The scramble to lure retail money marks a change for the city's banks, most of which have kept deposit rates on hold this year even as the U.S. Federal Reserve pushed rates up aggressively.

Nearly a dozen Hong Kong banks, as Dah Sing Bank, China Citic Bank International and China Construction Bank (Asia), have raised deposit rates over the past two weeks. Some of them are offering 3.9-4% per year on three-month deposits, a level last seen in late 2022.

Analysts said the trigger was the sharp fall in banking system liquidity. The aggregate balance at the Hong Kong Monetary Authority (HKMA) has fallen to its lowest since 2008, as the central bank intervened to defend its currency peg.

"As the aggregate balance has fallen to HK$45 billion, banks now expect that interbank rates will only go up as the demand for the Hong Kong dollar is rising as the economy improves," said Samuel Tse, an economist at DBS Bank.

Hong Kong's main policy rates are tethered to those in the United States by the currency's peg to the dollar, but the city's interbank rates were pinned to lows by weak loan demand and investment inflows into Chinese stocks and bonds.

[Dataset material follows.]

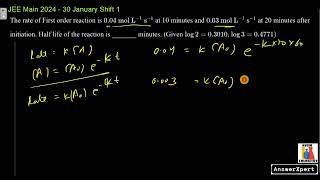 The rate of first order reaction is 004 mol L1 s1 at10 minutes and 003 mol L1 s1 at 20 minutes [upl. by Rozalin]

The spread between Hong Kong and U.S. rates hit its widest in two decades in April, as banks cut their deposit rates and investors borrowed the cheap Hong Kong dollar for carry trades.

But banks are now seeing interbank rates rise as loan demand picks up and international appetite for Chinese assets cools. The one-month Hong Kong Interbank offer rate (Hibor) climbed 165 basis points in just a month to around 4.45%.

The city's economy grew 2.7% in the first quarter aided by a recovery in inbound tourism and domestic demand. It was the first quarter of growth after four consecutive ones of contraction. The number of mortgage loan approvals in Hong Kong also rebounded strongly in the months of February and March.

To be sure, banks can borrow against the HK$1.2 trillion ($152.89 billion) they hold of exchange fund bills, which are debt securities issued by the HKMA, to get quick cash from the monetary authority's discount window.

But raising money from retail depositors is the cheaper option. The HKMA discount rate for repurchase transactions follows the city's base rate, and is around 5.5%.